For exchanges, the synthetic model offers clear operational advantages. Perpetual futures are already among crypto’s most liquid products and do not require custody of actual shares or direct links to traditional securities infrastructure. This simplicity has helped synthetic SpaceX contracts gain traction ahead of the listing, functioning effectively as markets for investor expectations and providing round-the-clock price discovery.
The trade-off is that users receive only economic exposure. They are betting on price movements rather than holding any representation of the underlying asset.
Tokenized products seek closer links to traditional markets
A second group of platforms is pursuing a more ambitious approach. Kraken and Bybit are offering tokenized SpaceX exposure through xStocks infrastructure and products issued by Backed Assets. These structures are designed to create tokens that are directly linked to underlying securities or security-backed certificates, rather than simply tracking price movements.
In this model, the tokenized product is intended to represent an actual claim on a share or a certificate backed by shares, with the issuer responsible for maintaining that link. Proponents argue this approach brings traditional equities closer to blockchain rails by enabling onchain representation of ownership, rather than pure price speculation.
Kraken has taken this further by partnering with Nasdaq to develop infrastructure that could eventually support tokenized equities, continuous 24/7 trading and blockchain-based settlement. The goal is to create systems where traditional securities can eventually be issued, traded and settled directly on blockchain networks.
However, this model also introduces greater operational and regulatory complexity. Tokenized equity products require custody arrangements, reconciliation with traditional securities systems and mechanisms to handle corporate actions such as dividends or voting rights. Liquidity can also be more limited than in synthetic markets, as these products depend on the underlying share supply and issuer infrastructure.
Regulatory questions remain unresolved
Regulatory treatment of tokenized equities is still evolving. The US Securities and Exchange Commission (SEC) has been examining how these products should fit within existing securities frameworks, particularly around custody, disclosure and investor protection. In Europe, regulators have warned that some tokenized stock offerings may confuse investors by providing economic exposure without granting traditional shareholder rights.
Market participants have also raised concerns that many tokenized equity structures expose investors primarily to the credit risk of the issuer, while offering limited direct recourse to the underlying company. These issues have made some institutions cautious about adopting tokenized equity products at scale, even as demand for exposure to high-profile IPOs such as SpaceX continues to grow.

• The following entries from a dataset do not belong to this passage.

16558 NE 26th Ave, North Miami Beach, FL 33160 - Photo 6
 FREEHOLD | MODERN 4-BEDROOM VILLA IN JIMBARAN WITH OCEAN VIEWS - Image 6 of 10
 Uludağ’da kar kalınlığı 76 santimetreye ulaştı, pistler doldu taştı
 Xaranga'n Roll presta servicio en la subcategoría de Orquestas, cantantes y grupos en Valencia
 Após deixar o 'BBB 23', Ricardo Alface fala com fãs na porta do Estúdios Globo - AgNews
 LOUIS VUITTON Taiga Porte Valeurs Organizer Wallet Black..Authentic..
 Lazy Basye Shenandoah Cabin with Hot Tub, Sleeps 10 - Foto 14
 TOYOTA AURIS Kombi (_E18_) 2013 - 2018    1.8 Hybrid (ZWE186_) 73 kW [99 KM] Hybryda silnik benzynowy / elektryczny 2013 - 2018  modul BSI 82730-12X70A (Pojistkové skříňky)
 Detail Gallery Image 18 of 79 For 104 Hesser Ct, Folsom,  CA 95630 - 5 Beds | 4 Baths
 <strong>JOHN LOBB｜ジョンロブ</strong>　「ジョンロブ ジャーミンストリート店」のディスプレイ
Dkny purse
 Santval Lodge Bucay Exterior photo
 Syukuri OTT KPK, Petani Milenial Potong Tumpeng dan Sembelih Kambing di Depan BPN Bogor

Proving ground for onchain equities
For now, SpaceX has become the industry’s first major test case. As exchanges compete to attract traders around the IPO, the contest is no longer simply about who offers access first. It is increasingly a question of whether investors prefer liquid synthetic exposure or asset-backed products designed to integrate traditional equities into blockchain markets – and whether regulators will ultimately favour one model over the other.